We are beset with commercial organisations that are too big to fail, too big to bail, too big to trust, and the state is getting ever more involved in managing them. Large sections of the banking industry have become unstable and rapacious monopolies and, in the case of Royal Bank of Scotland and much of Lloyds Banking Group, have fallen into state ownership. Large sections of the rail network, including the East Coast mainline franchise, and track-and-stations owner Network Rail, have come boomeranging back to public ownership. And following the West Coast mainline bidding debacle, Labour is now talking about re-nationalising the entire rail system. If there is to be a new generation of nuclear power stations, it looks as if the state is going to have to finance it because the private sector just doesn’t want to know.
As the financial crisis morphs into an economic depression, the state is having to intervene in the economy in ways that would have horrified Margaret Thatcher. But this is exactly what happened in the 1930s. The rail system was run by inefficient private companies which couldn’t generate the necessary investment. Technological developments in telecommunications were hampered by the need for private companies to put shareholders first. And of course, the private health service – unreliable, expensive and slow – was unfit for purpose and had to be replaced by the NHS, which some say has the same faults, but is actually the cheapest and most efficient national health provider in the world.
With the eclipse of socialism, state ownership is no longer seen as a political programme: a means to expropriate the capitalist class and build communism. We know that didn’t work. But pragmatists are realising that state ownership is the only solution for many areas of economic activity.
5 Responses
I like the idea of cutting out the middleman. We need to shower some attention on a man named Jeffery Smith who has been a tireless supporter of the concept of Earth Sharing.

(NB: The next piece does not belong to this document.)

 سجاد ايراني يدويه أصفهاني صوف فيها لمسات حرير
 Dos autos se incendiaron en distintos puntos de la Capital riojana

You can get a good overview of his ideas at https://www.progress.org/dividend/cdman.html
Bravo for Bolivia ;)
State ownership of utilities… (sniff sniff) you smelling what I’m stepping in? Smells like statism…
I know you are right, but with the gouging immorality today, the insane bonuses, rampant revolving door corruption, and vast tax levied on the energy profits to feed central government, what is the alternative? These are “public goods” wind, coal, gas – being sold back to us at prices determined by international speculators, aided by governments. Lets cut out the middleman.
From your diatribe a few things are evident. One you seem to of missed the thirteen years of labour government who did absolutly nothing on forming a coherent energy policy or indeed regulating any of the privatised business. Their ineptitude was the reason I chose to install my own pelton turbine. Secondly our bills are higher because VAT was added as well as ‘green’ surcharges. And finally you entirely glossed over the fact that by privatising these utilities reduced government expenditure by 25%. Not one single one of them turned a profit or even broke even. You may believe that governments have a bottomless pit of cash but one glance at Europe demonstrates otherwise. I suspect you are also too young to recollect pre thatcher britain with the constant strikes, wage rise demands exceeding 30 and in some cases 40%. The rolling blackouts, being bailed out by the IMF, rubbish uncollected piled high in the streets. Business struggled to raise finance due to taxes on unearned income being over 90%. Restrictions on taking money out of the country meant you could not take more than£50 per trip. The list was endless. Had thatcher not won then I suspect even the poorest nations would now be sending us aid!